Homilia do bispo do Funchal na Vigília Pascal

A celebração desta noite santa de Páscoa é marcada pelas narrações das diferentes passagens de Deus pela vida do povo da Antiga Aliança: é a passagem do nada à existência; a passagem da provação da fé; a passagem da escravidão à liberdade; a passagem da indiferença à vida da Aliança.
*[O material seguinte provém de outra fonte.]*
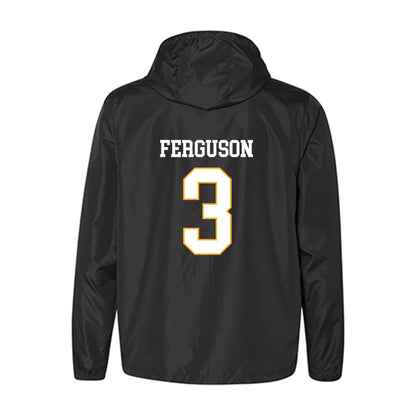 Kennesaw - NCAA Women's Lacrosse : Julia Ferguson - Windbreaker-1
E todas estas passagens — da criação do mundo à vida do crente — desenham diante de nós um sentido: mostram o sentido da história, a direcção que o próprio Deus vai imprimindo aos diferentes acontecimentos da história, por entre o encontro da sua vontade com a liberdade humana. Todas estas passagens reclamam a ressurreição de Jesus: sem Jesus, vencedor da morte e do pecado, tudo permaneceria sem sentido. De que serviria termos sido criados, se não tivéssemos sido resgatados? Como poderia a nossa liberdade ver-se constantemente inclinada para o mal e não ter a esperança de um redentor? De que serviria a liberdade se não pudéssemos viver a vida de gente libertada, povo resgatado? A Páscoa (as Páscoas) da Antiga Aliança indicam, requerem, encontram a sua plenitude na Páscoa de Jesus.

Mas, na IIª Leitura, S. Paulo vai mesmo mais longe. Porque, se fosse apenas a Páscoa de Jesus aquela que era requerida para que as Páscoas da Antiga Aliança fizessem sentido, tudo ficaria parado e perdido no tempo. Olharíamos para esse acontecimento como realidade magnífica; faríamos dele memória transmitida de geração em geração, mas seria apenas um acontecimento que diria respeito a um homem do passado — admirável, sem dúvida, mas prisioneiro do passado.

Não. S. Paulo, ao escrever aos cristãos de Roma, ia muito mais longe. Porque, olhando para a Páscoa de Jesus, descobria nela uma realidade maior: descobria nela a vida dos cristãos de todos os tempos e lugares. Por isso, o Apóstolo não hesitava em usar aquele “com”, característico do seu pensamento e da espiritualidade e vida dos cristãos: sepultados “com” Cristo, somos também “com” Cristo ressuscitados.

Quer dizer: a morte e a ressurreição de Jesus alargam o seu dinamismo pascal, ultrapassam tempos e lugares, para nos envolver a nós, cristãos. Para nos envolver a nós, cristãos madeirenses, que celebramos esta Páscoa de 2022.

Como é que tal acontece? Como é que a Páscoa de Jesus nos pode abraçar, envolver, e fazer-se nossa de verdade? S. Paulo responde também a esta questão: “Fomos sepultados com Ele pelo Baptismo na sua morte, para que, assim como Cristo ressuscitou dos mortos pela glória do Pai, também nós vivamos uma vida nova”.

É por meio do sacramento baptismal que todos nós, cristãos, nos passamos a identificar com Cristo. Não é fruto das nossas capacidades, da nossa inteligência, da nossa vontade férrea, ou mesmo do nosso comportamento exemplar. É fruto da vontade de Deus, que em nós crucifica o Homem velho e nos faz viver com Cristo ressuscitado.

Por isso aguardamos com ansiedade que, diante de nós, se realize esta Páscoa, esta passagem, nestes nossos irmãos que irão ser baptizados: sepultados com Ele no baptismo, por uma morte semelhante à sua, com Cristo vão também ressurgir, homens novos, para uma vida nova.

E olhando para eles, percebemos também o que sucedeu com todos nós quando, porventura ainda recém-nascidos, os nossos pais nos conduziram à Igreja, para nos dar a possibilidade de, desde tenra idade, vivermos já na graça baptismal.

Com Cristo mortos e com Cristo ressuscitados, queremos deixar que Deus faça connosco a Páscoa. Deus connosco e em nós: vida nova a brotar sempre de novo.

Olhando para estes nossos irmãos que, dentro de momentos, vão ser baptizados, sintamos todos renascer em nós a vocação baptismal, a docilidade ao Espírito Santo, o apelo divino a deixarmos o homem velho que teima em se manifestar, para vivermos a vida nova da santidade: a vida de Cristo ressuscitado, presente em nós e na vida da Igreja.